### 1.4 QNN (Q-Wertbasiertes Neuronales Netzwerk)

Für die Erweiterbarkeit unseres Codes ist uns aufgefallen, dass der Q-Algorithmus seine Grenzen bei Spielen mit einem beinahe unendlichen Zustandsraum aufweist. Spiele wie Schach oder Go haben einen derart riesigen Zustandsraum aller möglichen Züge, der ohne weitere Hilfe nicht einfach durch ausprobieren komplett erkundet werden kann. Um dem Prinzip des bestärkenden Lernens nahe zu kommen, müssen andere Methoden gefunden werden, um zukünftige Züge oder sogar Strategien bei unendlich wirkenden Zustandsräumen hervorzusagen. Hierfür soll ein neuronales Netzwerk mit mehreren Schichten zum Einsatz kommen.

Der Gedanke dahinter ist, dass man nicht mehr versucht alle Zustände zu erkunden und perfekt vorherzusagen, sondern eine Struktur oder sogar Strategie in gewissen Zügen zu erkennen. Der Fokus des neuronalen Netzes soll damit sein, Strukturen in zeitlich aufeinanderfolgender Züge zu erkennen und bei unbekannten Zuständen einen Schätzwert auf Basis bisher bekannter Strategien ausgeben.
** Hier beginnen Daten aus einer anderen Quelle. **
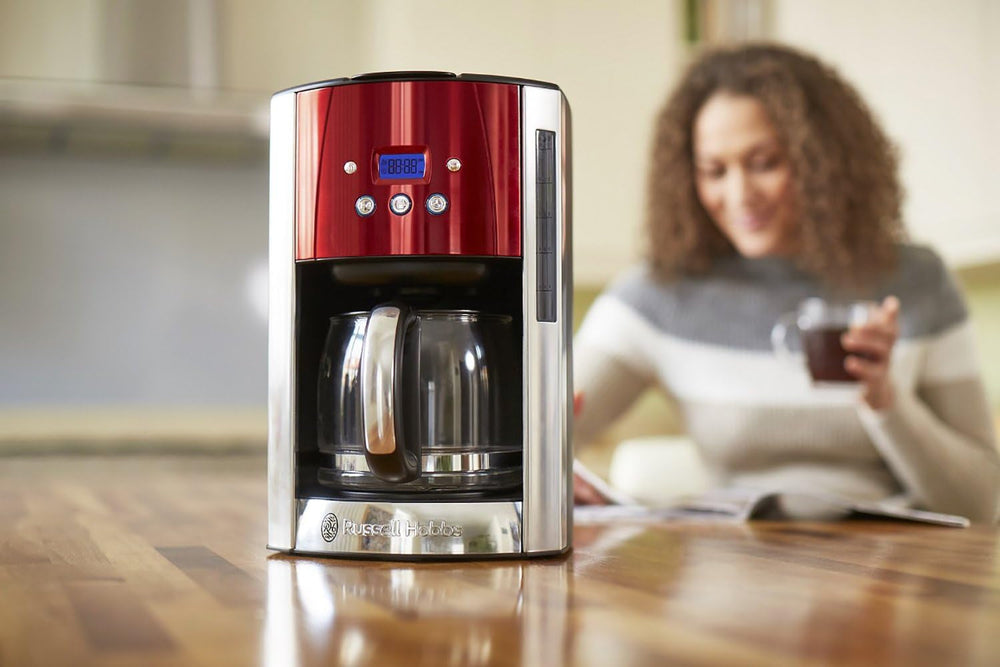 Cafetieră Russell Hobbs [Temporizator digital, Cap de duș pentru extracție și aromă optime] Luna Red (1 până la 12 cești, Carafă din sticlă de 1,5 l, Placă de încălzire, 1000 W) Cafetieră cu filtru 23240-56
Ein neuronales Netzwerk besteht zumeist aus Eingabevektoren, verschiedenste versteckte Schichten sowie Ausgabevektoren. Genauso wie die Q-Funktion, sollen dem QNN gewisse Parameter als Eingabevektoren mitgegeben werden. Dazu gehört der aktuelle Zustand des Bretts, die ausgewählte Aktion auf Basis vorheriger Werte aus dem QNN Modell und ggf. die Belohnung. Als Ausgabevektor soll, genauso wie bei der Q-Funktion, ein Q-Wert sein, der die maximale Belohnung des aktuellen Zustand-Aktion-Paares beschreibt.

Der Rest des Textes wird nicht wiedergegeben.